Purpose: The purpose of this paper is to explore the impact of Artificial Intelligence on the performance of Indian Banks in terms of financial metrics. The study focused specifically on the NIFTY Bank Index. The paper also advocates that a greater transparency in disclosing AI related information in a Bank’s annual report is required even if it is voluntary. Design/Methodology/Approach: The paper uses a mixed method approach where quantitative and qualitative analysis is combined. A dynamic panel data model is used to understand the impact of AI of Return on Equity (RoE) of 12 Indian Banks in the NIFTY Bank Index over a five-year period. In addition to that, Content analysis of annual reports of banks was conducted to examine AI related disclosure and transparency. Findings: The paper highlights that the integration of Artificial Intelligence (AI) significantly influences the financial performance of sample banks of India. Return on Equity the specific parameter positively influenced with adoption of AI. The profitability of banks is positively impacted by reduced errors and improved operational efficiency.

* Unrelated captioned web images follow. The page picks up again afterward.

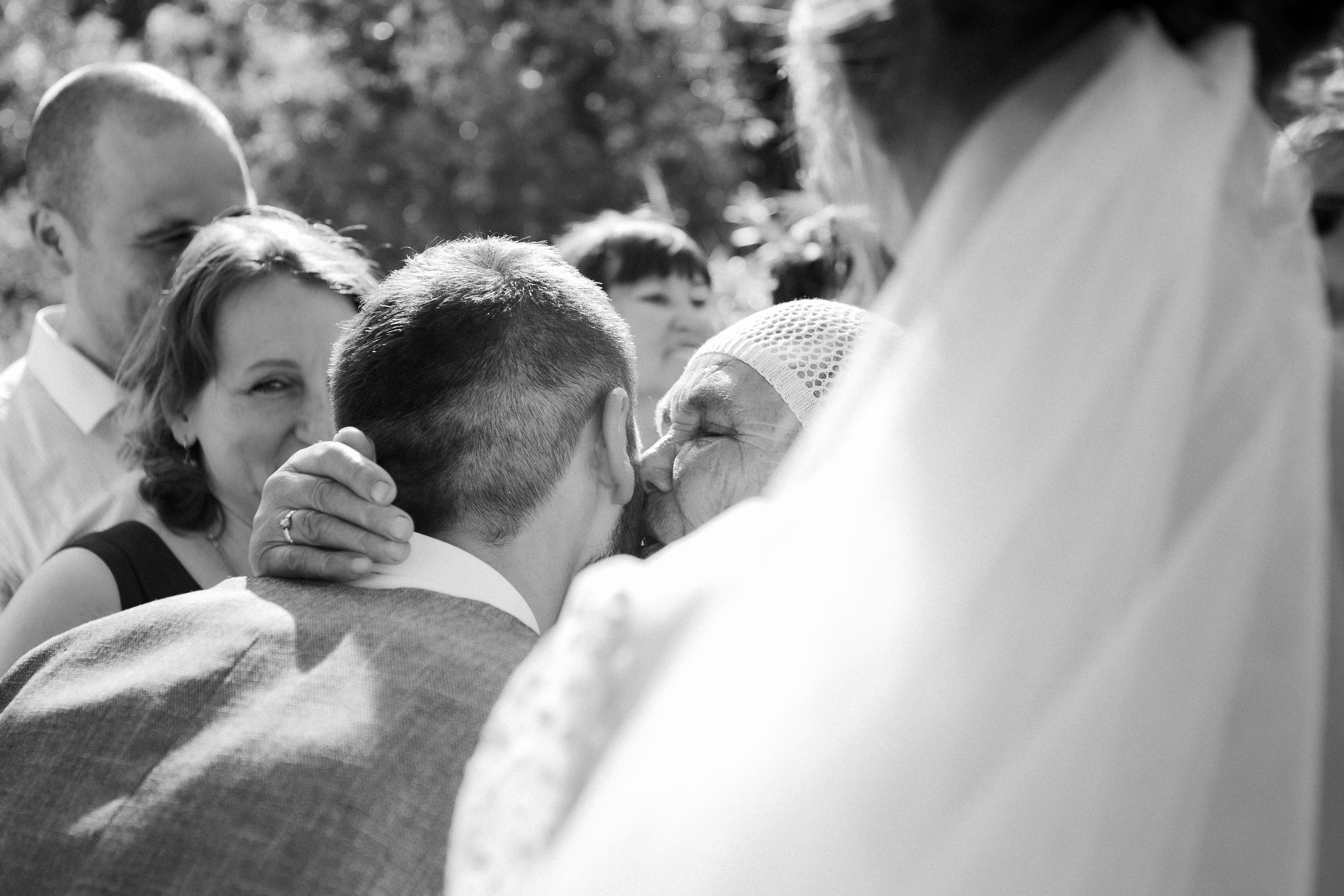 Тимур и Вероника. Фотограф в Челябинске Наталья Епимахова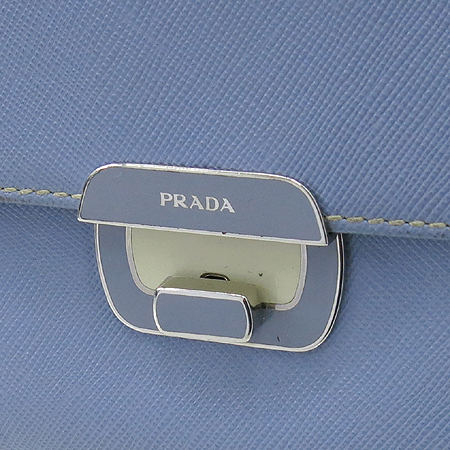 Prada(�����) 1M0170 ��ī�̺��� �÷� ���ǾƳ� ������ �̹���3 - ���̺��� �߰���ǰ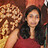 Vani_P Vani_P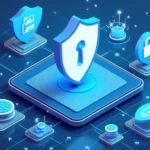 Vietnam Crypto Bond Security: Safeguarding Digital Assets in 2025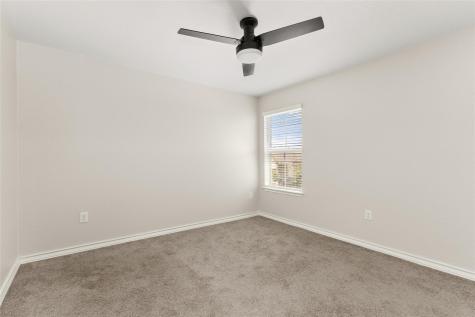 451 Butterfly Bush Court New Braunfels TX 78130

The content analysis of annual reports of the banks indicates different approach for AI disclosure where some banks give detailed information and some are not transparent about AI initiatives. The findings suggest that a higher level of transparency could enhance confidence of all stakeholders. Theoretical Implications: The positive relation between adoption of AI and financial performance, specifically ROE, gives a foundation for academic research to explore the dynamics of emerging technology and financial systems. The study can be extended to explore the impact on other performance indicators in different sectors. Practical Implications: The findings of this study emphasize the importance of transparent AI related disclosures. A detailed reporting about integration of AI helps in enhanced stakeholders’ confidence in case of banking industry. The regulatory framework of banks may also consider making mandatory AI disclosure practices to ensure due accountability to maximize the benefits of AI in banking.